Les secours sont coordonnés par les autorités maritimes de chaque pays limitrophe d’une zone de recherche et de sauvetage (SAR, pour search and rescue). Depuis fin juin 2018, avec la bénédiction de l’Italie et l’appui financier de l’Union européenne, la Libye a étendu sa zone SAR jusqu’à 200 kilomètres de ses côtes. Dans cette zone, dont les limites nord sont très proches de l’Italie et de Malte, les autorités libyennes indiquent donc Tripoli ou plus occasionnellement d’autres ports de son territoire comme « ports sûrs ». Les sauveteurs de la société civile refusent d’y débarquer, considérant, comme l’ONU, qu’aucun « port sûr » ne peut être reconnu dans ce pays en guerre, où les exilés qui y retournent pourraient à nouveau être victimes de traite humaine, de violences et de viols.

La peur des trafiquants

En outre, comme cela est largement documenté par des ONG de défense des droits humains, tel Amnesty International, ou des organisations internationales, les garde-côtes libyens peuvent avoir des collusions avec des groupes qui se livrent au trafic d’êtres humains. Reprenant des images tournées à bord du Sea-Watch 3 fin 2017, une enquête du New York Times (1) a montré des actions risquant de conduire à la noyade et des faits de violence de la part de garde-côtes libyens censés secourir. Selon Marie, du Louise-Michel, la seule raison d’être de ces « soi-disant garde-côtes » est de réaliser « de plus en plus de “push-back”, c’est-à-dire d’empêcher que les personnes puissent se rendre en Europe ».

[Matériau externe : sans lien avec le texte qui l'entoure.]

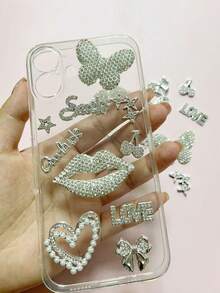 10Pcs/Set Sweet Cool Luxury Designer Bling Silvery Wishing You Good Luck Letter Full Diamond Shining Mouth Butterfly Hollow Pearl Heart Star Bow Cherry Resin Charm Smile Love Words Junk Phone Case Computer Storage Box Makeup Mirror Water Bottle Home Decoration Charms Accessories Kawaii Diy Hairpin Shoe Buckle Crafts - Bạc - Xem 8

Parmi les exilés, la peur d’être rattrapés par les trafiquants est présente jusque sur la mer. Valdo, un jeune Camerounais qui vit désormais à Marseille, a été sauvé in extremis en mai 2017 : « On était 136 dans un zodiac de 9 mètres. Ce jour-là, un autre zodiac s’est perdu en mer. Plus tard, sur le navire qui nous a sauvés, des gens qui avaient perdu leur enfant pleuraient. » Il affirme que sa propre embarcation était poursuivie par des « Asma Boys », une expression que les exilés utilisent pour désigner leurs geôliers libyens : « Quand ils vous prennent, ils vous ramènent, vous remettent en prison et demandent de l’argent. Dieu merci, ce bateau nous a sauvés à temps. »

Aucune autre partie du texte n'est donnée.